Items from a data source

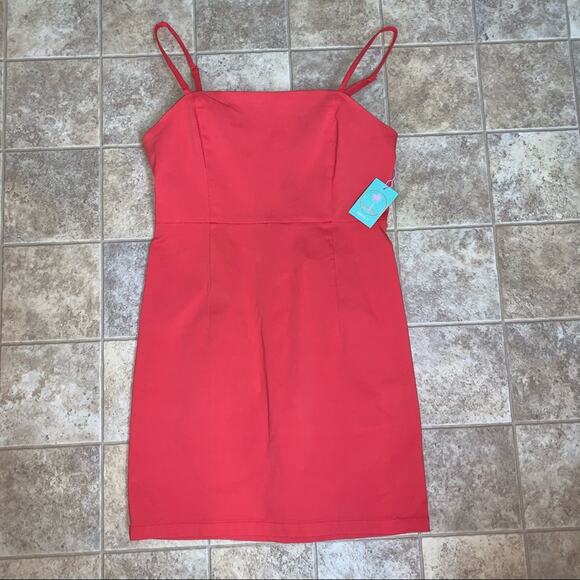 NWT Forever 21 Hot Pink Fitted Bodycon Sleeveless Mini Dress Size: Large - Picture 1 of 10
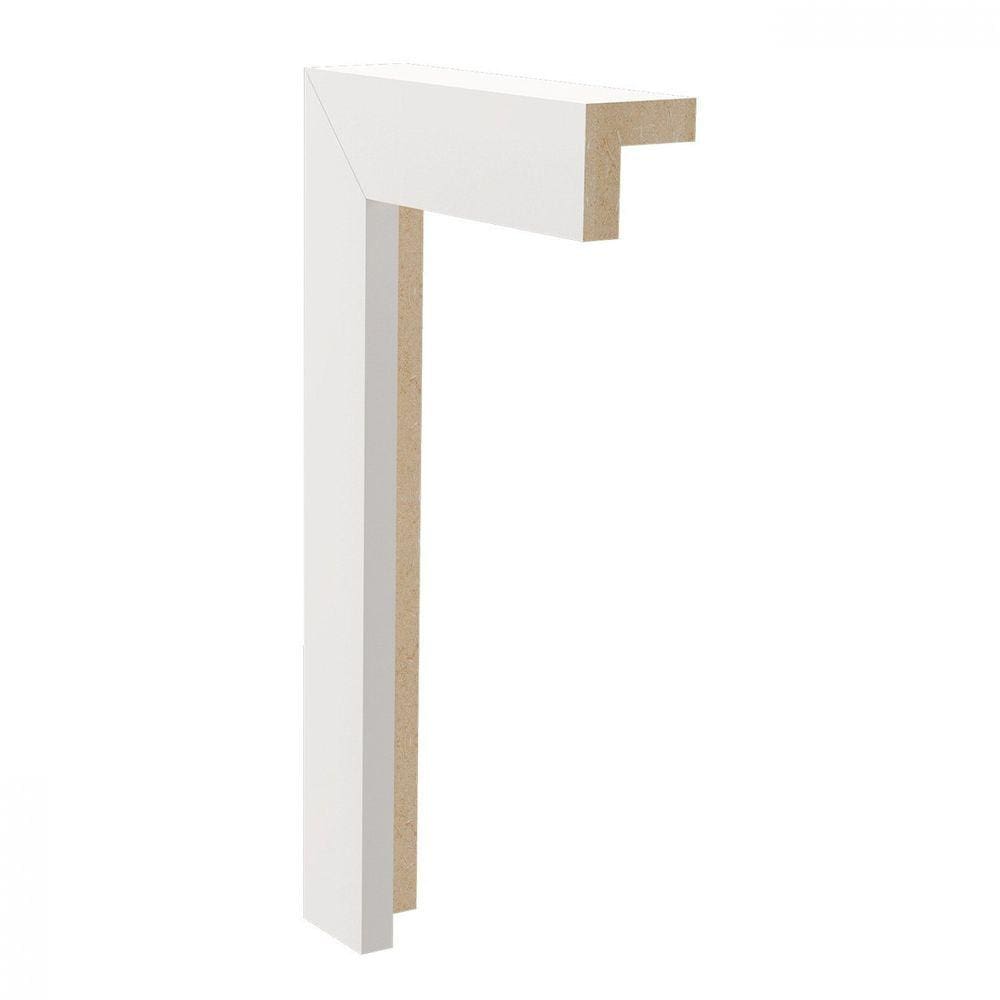 Arremate MDF 250 Moldufama 15mmx2,5cm Branco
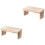 2Pièces Petits Tabourets En Bois Pour , Légers Pliables 8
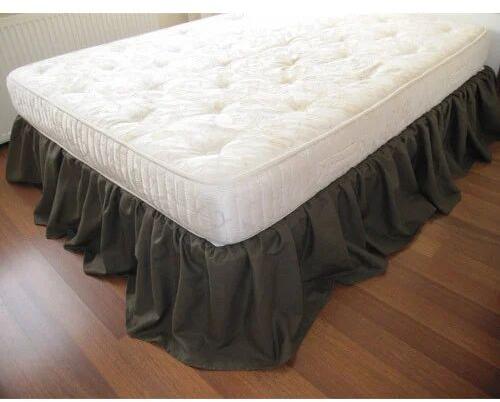 Brown Silk Bed Skirts Solid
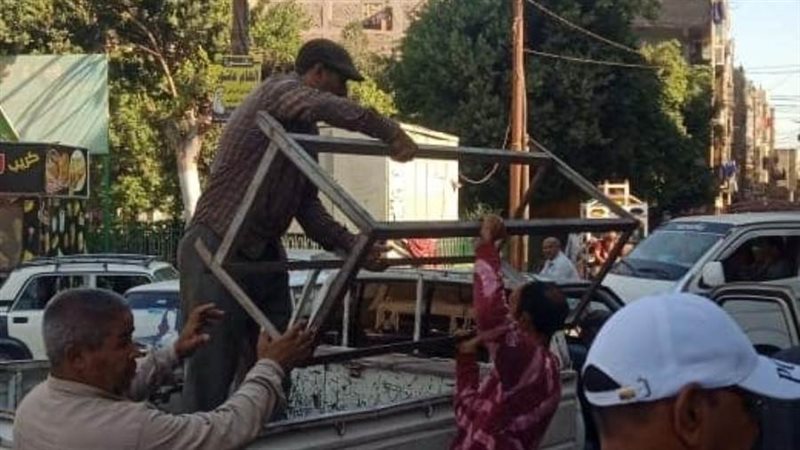 حملة إشغالات الباعة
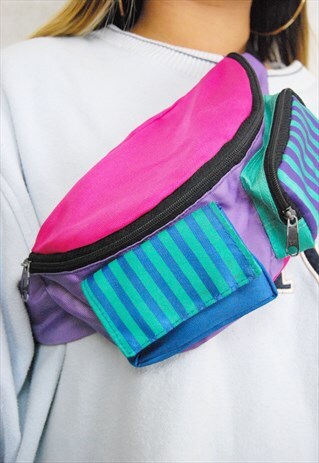 CRAZY STRIPEY BUM (BAG)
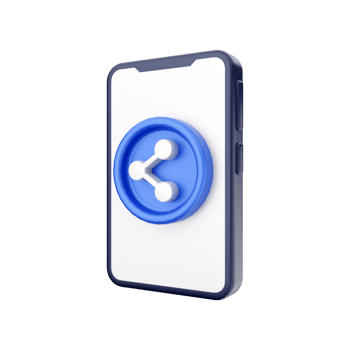 3d smartphone function icon illustration png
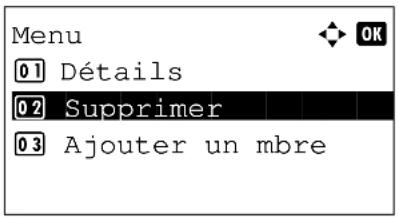 OLIVETTI d-Color MF2603en - Suppression d'un membre du groupe - 2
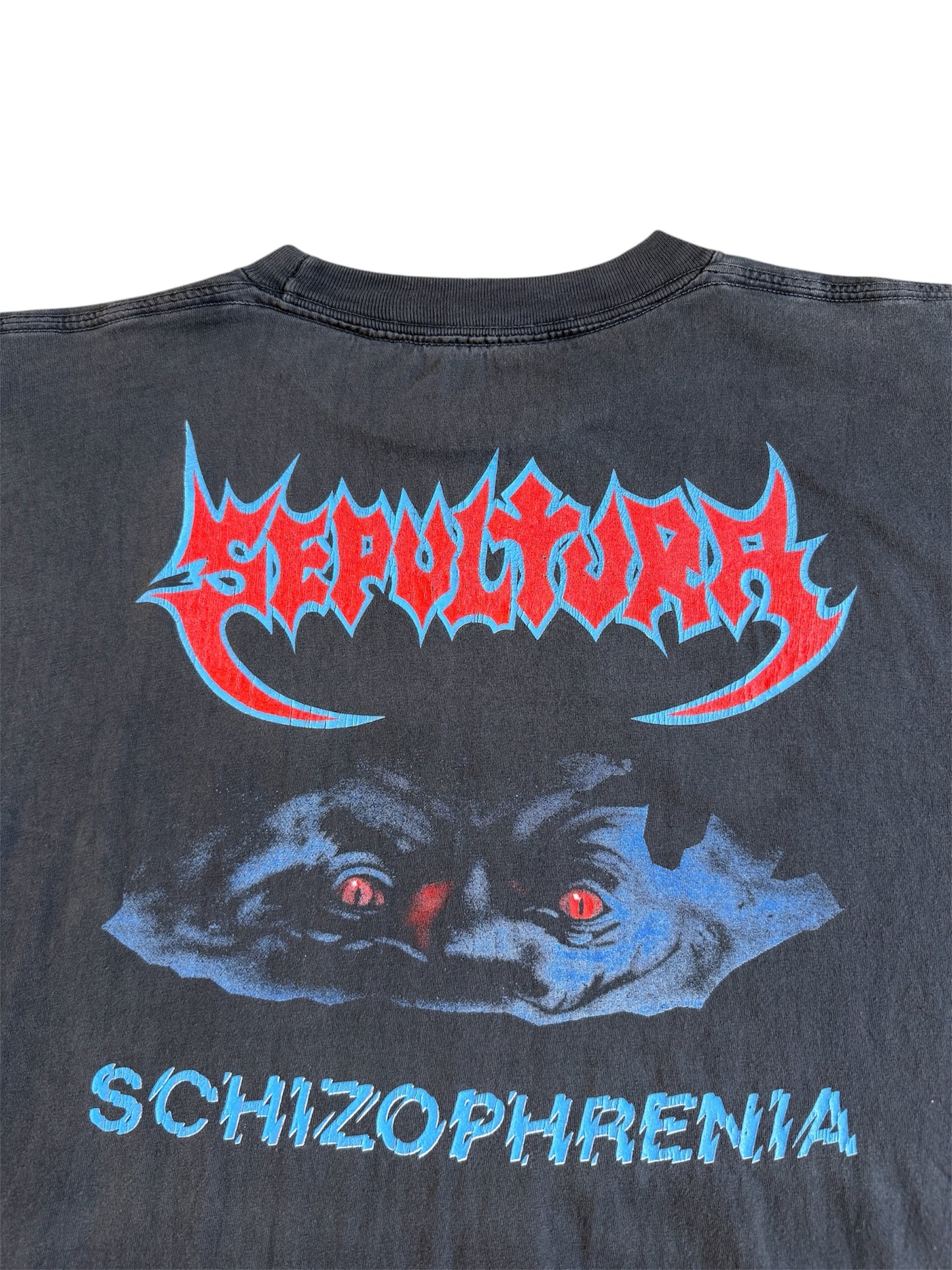 1990s Sepultura "Schizophrenia" Band Tee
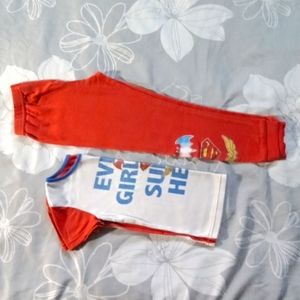 DC Super hero Girls pajama set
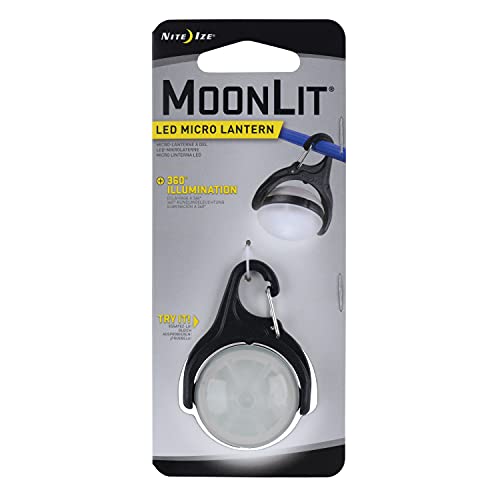 Nite Ize Moonlit LED Micro Lantern, Mini Swivel Light with Clip, White LED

## Exercise description:
Every line above is to be given again exactly, apart from the pictures.

## Expected output:
 NWT Forever 21 Hot Pink Fitted Bodycon Sleeveless Mini Dress Size: Large - Picture 1 of 10
 Arremate MDF 250 Moldufama 15mmx2,5cm Branco
 2Pièces Petits Tabourets En Bois Pour , Légers Pliables 8
 Brown Silk Bed Skirts Solid
 حملة إشغالات الباعة
 CRAZY STRIPEY BUM (BAG)
 3d smartphone function icon illustration png
 OLIVETTI d-Color MF2603en - Suppression d'un membre du groupe - 2
 1990s Sepultura "Schizophrenia" Band Tee
 DC Super hero Girls pajama set
 Nite Ize Moonlit LED Micro Lantern, Mini Swivel Light with Clip, White LED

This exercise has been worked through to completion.